Problem: What you give must be the lines from the one containing "304 Wise St, Forest, OH 45843 photo 3" through the last line of the listing below, exactly, with nothing else and no pictures.

===== Recorded information =====

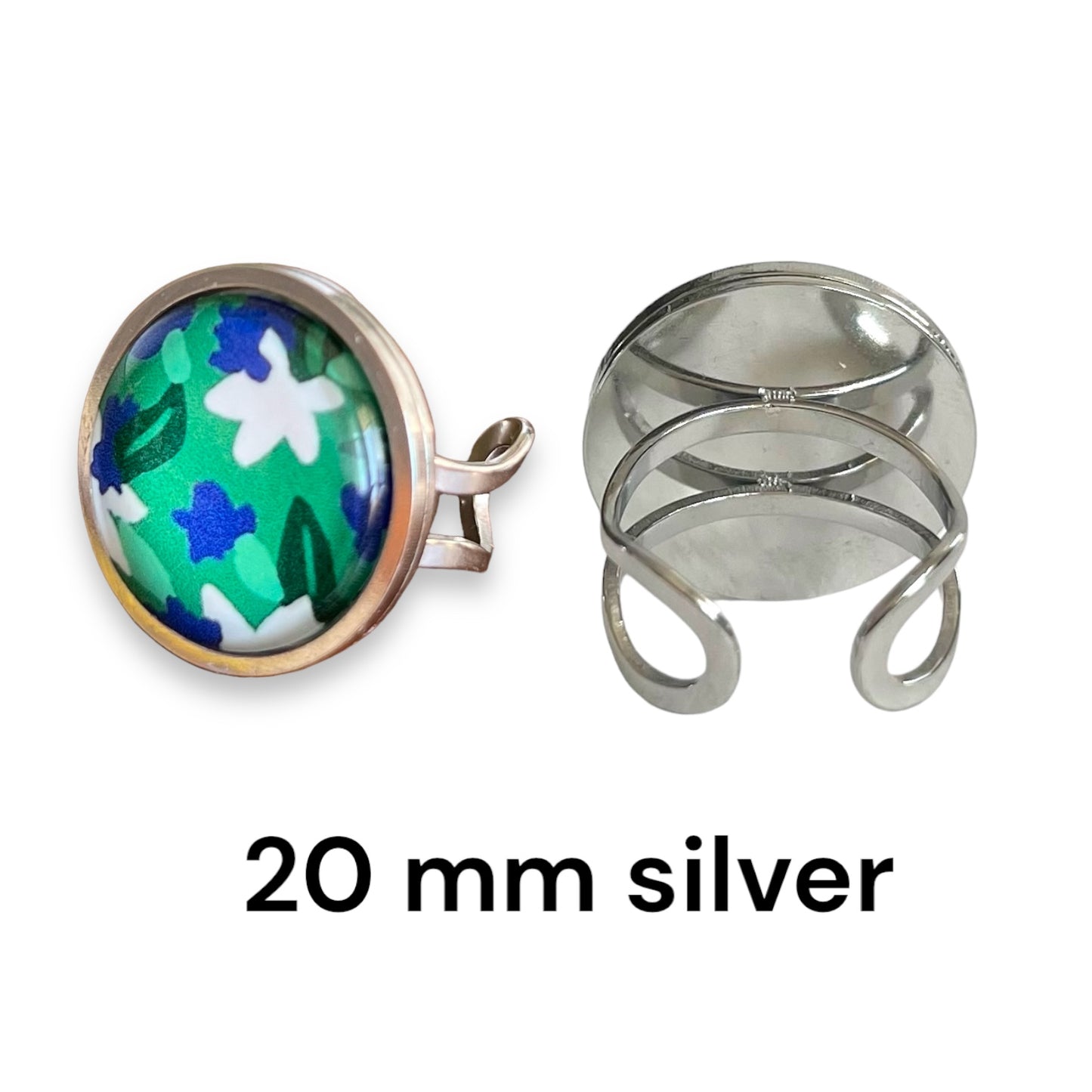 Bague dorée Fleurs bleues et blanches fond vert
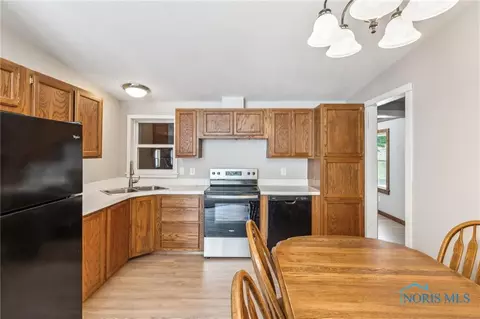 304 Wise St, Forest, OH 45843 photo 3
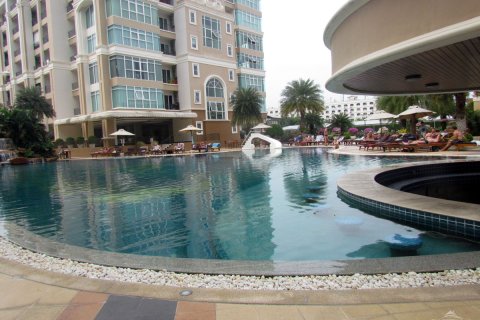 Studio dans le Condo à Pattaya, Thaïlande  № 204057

=====

Response to the exercise:
 304 Wise St, Forest, OH 45843 photo 3
 Studio dans le Condo à Pattaya, Thaïlande  № 204057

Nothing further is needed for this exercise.